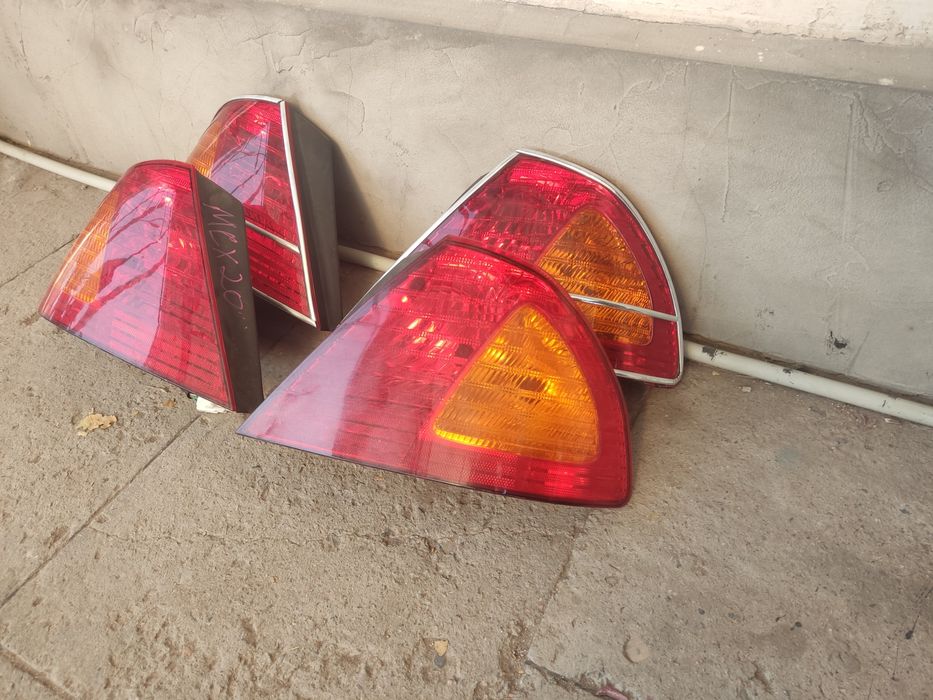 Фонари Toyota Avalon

...

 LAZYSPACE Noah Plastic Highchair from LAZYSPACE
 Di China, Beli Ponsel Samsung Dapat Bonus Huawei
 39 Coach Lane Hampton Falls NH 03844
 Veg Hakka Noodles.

==

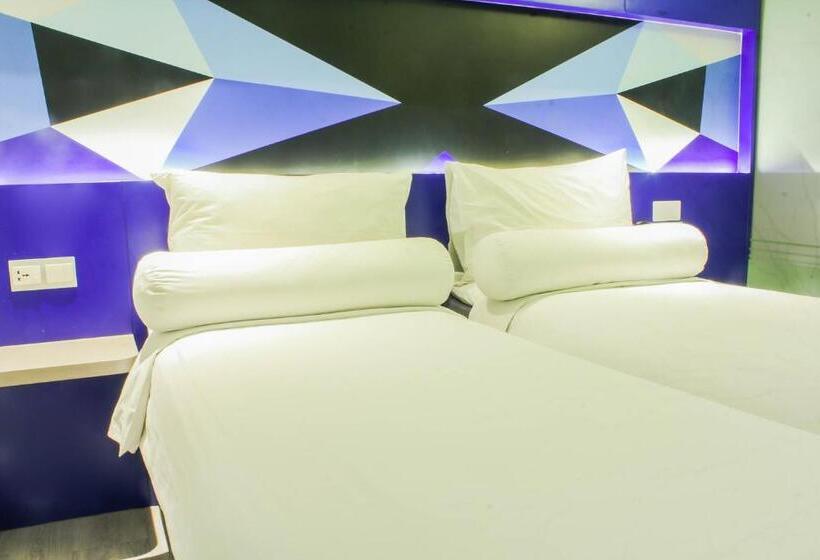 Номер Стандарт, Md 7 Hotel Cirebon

→ What is being asked
Write out exactly the lines that fall from the line with "Di China, Beli" to the line with "Veg Hakka Noodles." in the records above, keeping both ends.

→ Problem solution
 Di China, Beli Ponsel Samsung Dapat Bonus Huawei
 39 Coach Lane Hampton Falls NH 03844
 Veg Hakka Noodles.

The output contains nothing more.